RECORDS PROVIDED:
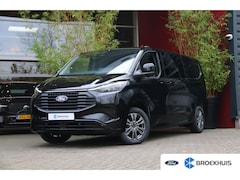 Ford Transit Custom - 320 2.5 PHEV L2H1 Limited Dubbele Cabine 0, 99 % Rente | Dubbele schuifdeur | Driver Assis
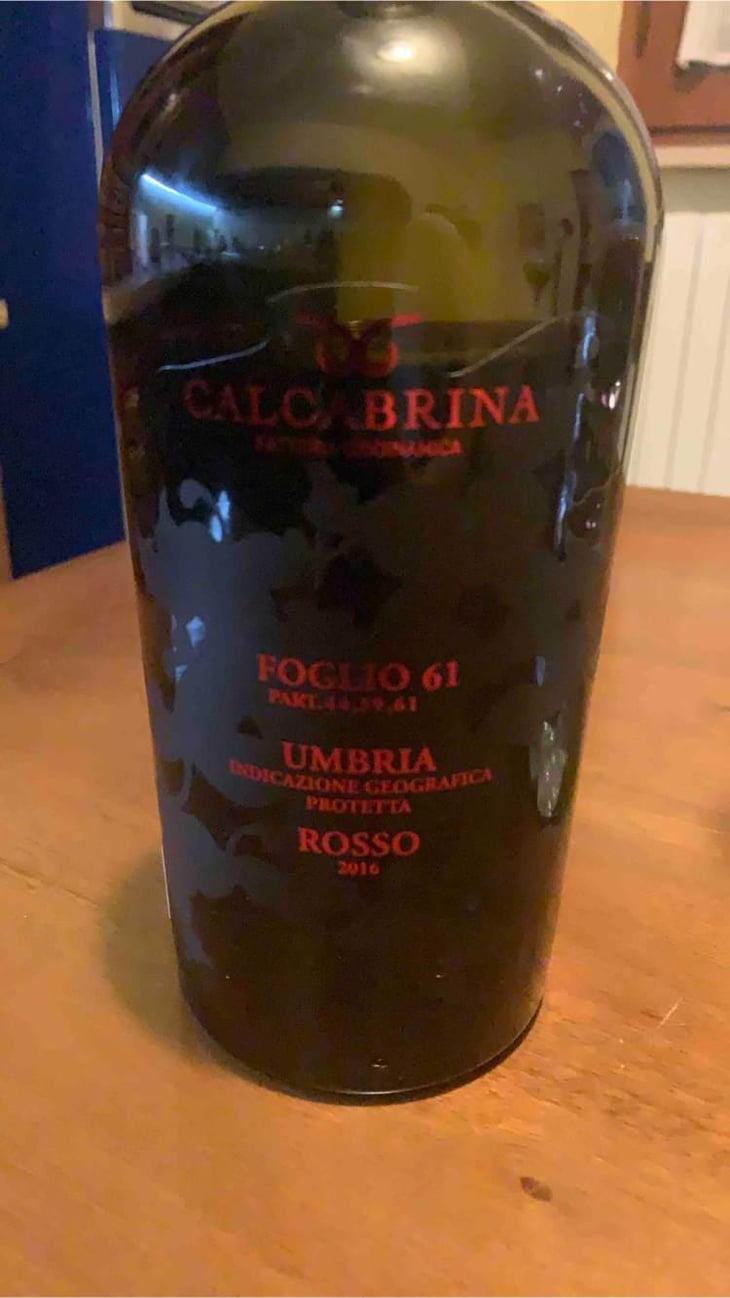 Foglio 61 - Fattoria Calcabrina - Diego Calcabrina 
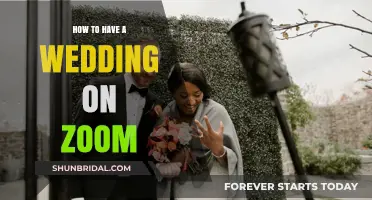Zoom Wedding Guide: Tips for a Virtual Celebration to Remember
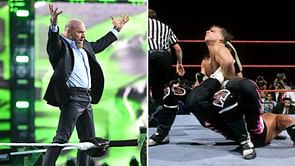 How did Triple H contribute to the infamous Montreal Sc***job? Exploring what he said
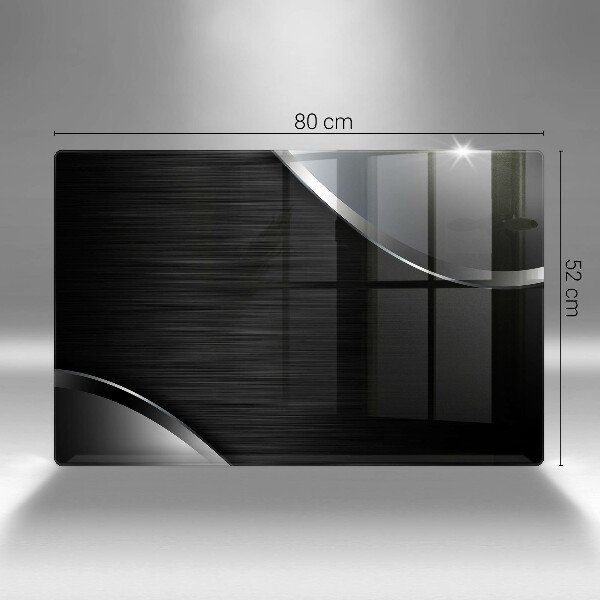 Induction hob cover Metal abstraction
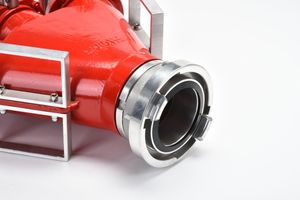 Xhyxfire Top Quality Cheap Price Made in China Fire Department Connection Fire Hose Divider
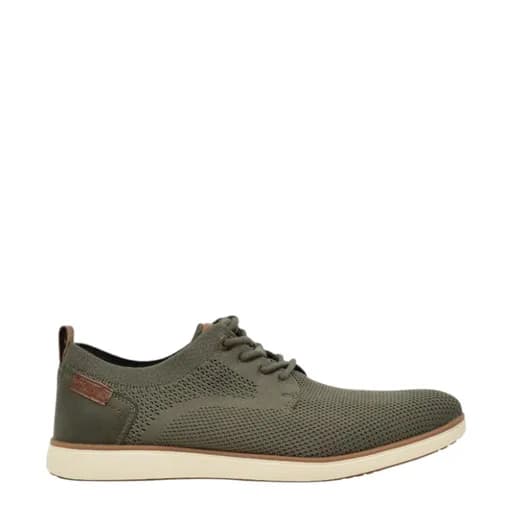 Ανδρικά παπούτσια Wrangler WHESLEY MEN LOW 20251025.52D λαδί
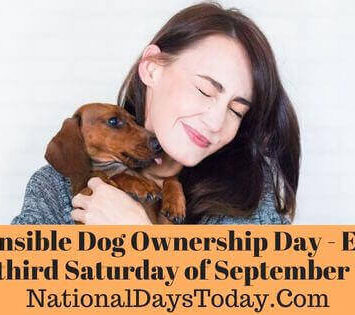 Responsible Dog Ownership Day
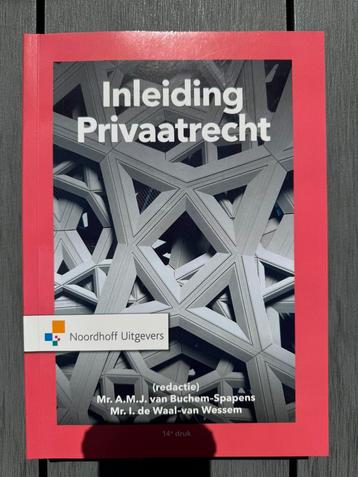 Inleiding Privaatrecht Vastgoedkunde beschikbaar voor biedingen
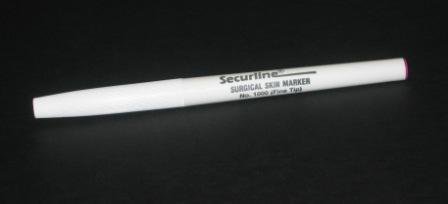 SECURLINE® SKIN MARKER, SOLD AS 100/CASE ASPEN 1000-00-PDG
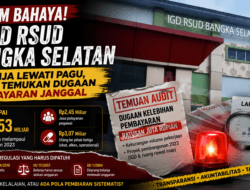 ALARM BAHAYA BLUD RSUD BASEL Belanja Lewati Pagu, Audit Temukan Dugaan Pembayaran Janggal, Utang Capai Rp5,53 Miliar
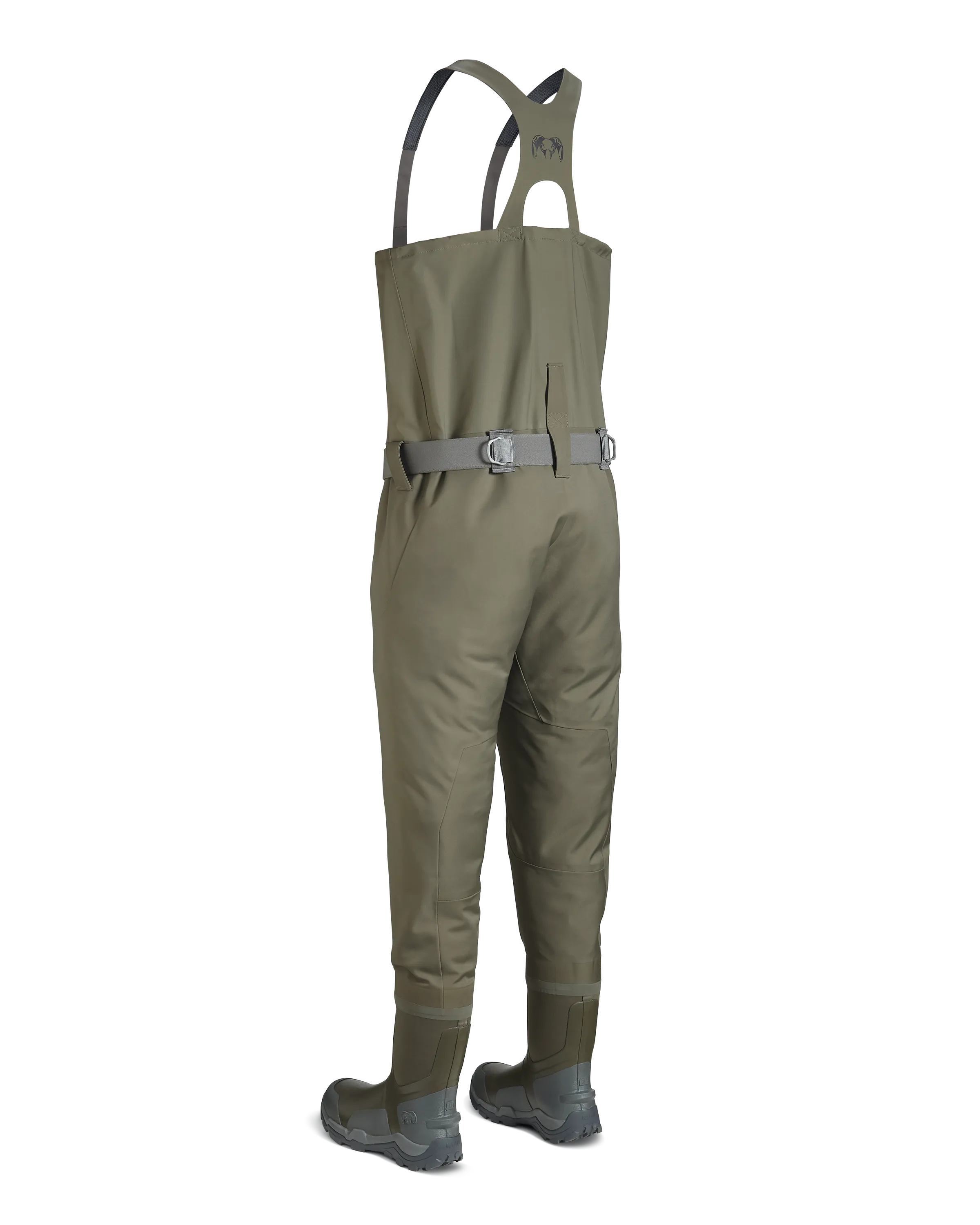 KUIU PRO HD Flex Zip Wader | Ash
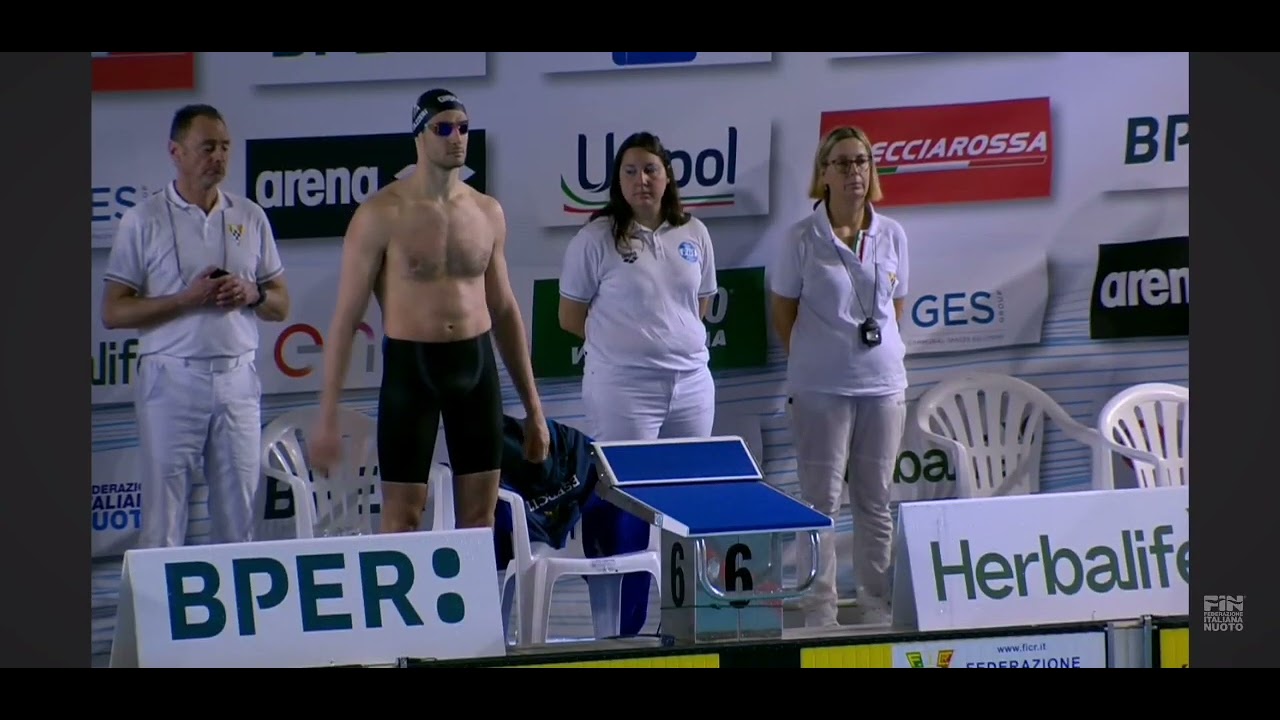 Gianluca Messina - 100 Stile Libero. MEETING CITTÀ DI LIVORNO 22 MARZO 2025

ABOUT THIS TASK: Starting with the first line of the records above and stopping after the line containing "SECURLINE® SKIN MARKER, SOLD", repeat every line exactly and leave out the pictures.

TASK SOLUTION:
 Ford Transit Custom - 320 2.5 PHEV L2H1 Limited Dubbele Cabine 0, 99 % Rente | Dubbele schuifdeur | Driver Assis
 Foglio 61 - Fattoria Calcabrina - Diego Calcabrina 
Zoom Wedding Guide: Tips for a Virtual Celebration to Remember
 How did Triple H contribute to the infamous Montreal Sc***job? Exploring what he said
 Induction hob cover Metal abstraction
 Xhyxfire Top Quality Cheap Price Made in China Fire Department Connection Fire Hose Divider
 Ανδρικά παπούτσια Wrangler WHESLEY MEN LOW 20251025.52D λαδί
 Responsible Dog Ownership Day
 Inleiding Privaatrecht Vastgoedkunde beschikbaar voor biedingen
 SECURLINE® SKIN MARKER, SOLD AS 100/CASE ASPEN 1000-00-PDG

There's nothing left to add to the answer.